パンギャさんが、俺の言葉にそう応えてくれた。


「ヒャッハァァァな、モヒカン刈りに肩パットの時代が来るのかなぁ」

 昔流行ったマンガのネタを披露するハイドさんだけど、誰もそのネタに気付く人は居なかった……

 ちょっと場違いな発言に、冷ややかな女性陣の視線を浴びてハイドさんは小さくなって黙った。


「うん、魔法をふんだんに付与してあるから、ちょっとやそっとじゃ死ねないと思う。 それに防具の胸の部分と武器に取り付けた魔石には俺の魔力がたっぷり込めてあるから、いざという時には大きな魔法を使っても、たぶん大丈夫なはず」


「ちょっとぉ、そこは多分じゃ困るわよ和ぃ」

「そうだよね、絶対だよね、そこは」

「断言して欲しかった処だね、うん」


「まあ、そういいう謙虚なところが廃人くんらしいと言えば、らしいよね」

「持ちやすい弓だよ、大事にするね廃人くん」

「この太刀は気に入ったわ、大切にするね」


 ミリアムさんの一言で、せっかくのしんみりした名シーンが台無しです……

 でも、まあ、こうやってシリアスにならず笑い飛ばすのがエクソーダスらしいと言えば、言えるかもしれないと、俺はそう思った。


 俺の餞別の品として渡したアイテムバッグを、全員が示し合わせたようなタイミングで各自の腰の辺りの空間からアイテムBOXを開いて、その中に俺のプレゼントを収納していた。

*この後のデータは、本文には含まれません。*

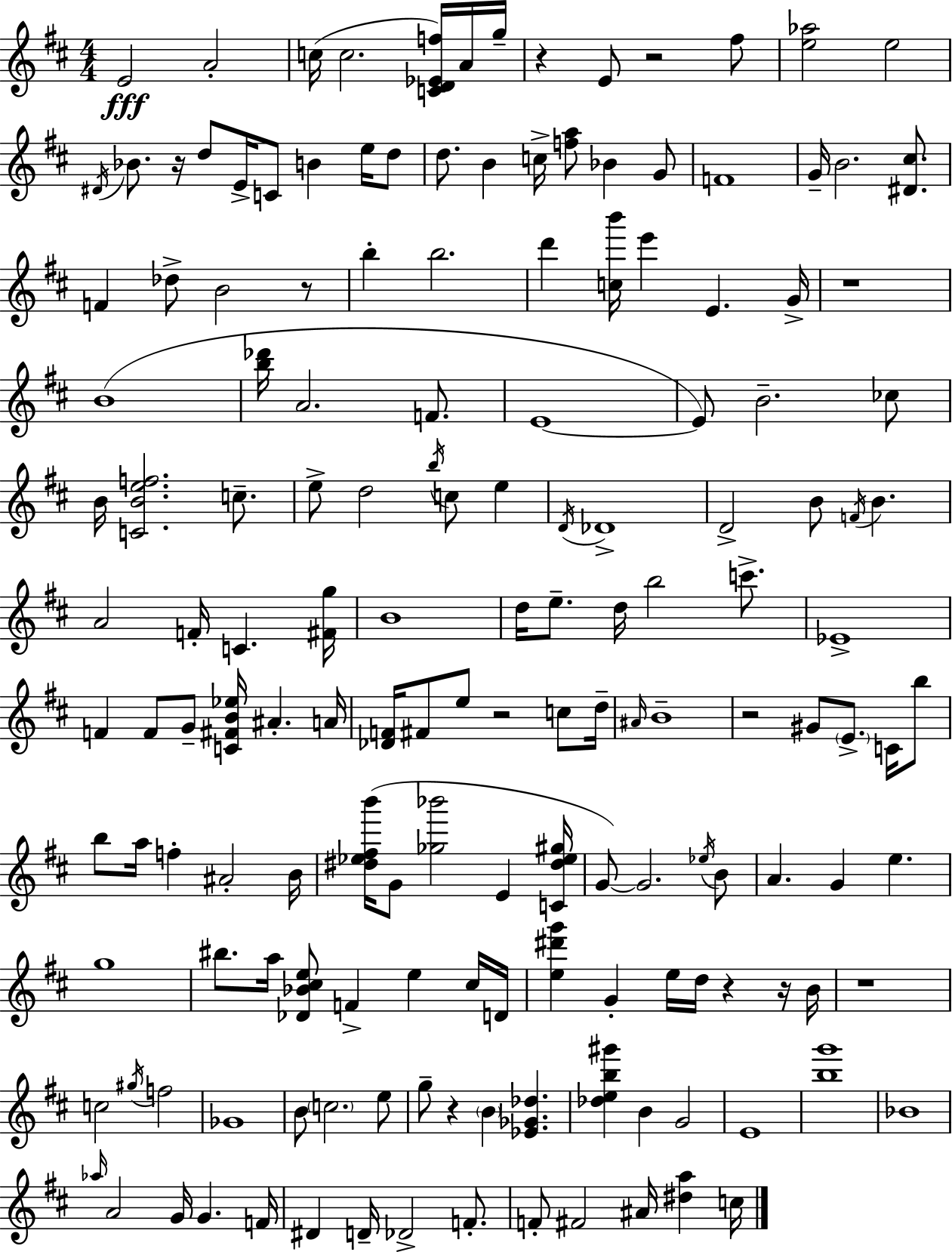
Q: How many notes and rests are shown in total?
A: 160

 それから絶対に人前に出さない事を全員に念押しさせてミリアムさんが帰る事になった。


和兄ぃ……」


 名残なごり惜しそうなミリアムさんは俺に何か言いたげだったが、何かを言いかけて口ごもると、そのまま黙ってイオ爺の運転する車に乗って帰って行った。

 



「ミリアムはおとなしかったね」

 パンギャさんがそう言うと、「乙女心が解らないかぁ~男共には」とアモンさんが、男はこれだから困るねと言うような目で俺たちを見て言った。


「いわゆるネット弁慶って事?」

 そう訪ねるハイドさんだったが、ミッシェルさんの発言に切って捨てられた。

「甘いわね!、ああ見えても廃人くんを目の前にしてツンデレやってる程ミリアムも子供じゃ無いって事よ」


「二度と会えないかもしれない殿方を前にして、何も言えず去って行くなんて……」

「乙女よねぇ~」


 女性陣は一斉に頷いていた。


「あの年代は、大人なのか子供なのか俺には解らないなぁ..」

 俺から見たら大人のパンギャさんも、その辺りは良く解らないようだった。


 俺も、なんだか良く判らなかったと言うか、そういう事はまだ解りたくないと思った。


 その後はメルとイオ爺やレイ婆が、お泊まり組に夜中まで異世界の事を根掘り葉掘り聞かれていたが、それは傍から見ていても楽しそうに見えた。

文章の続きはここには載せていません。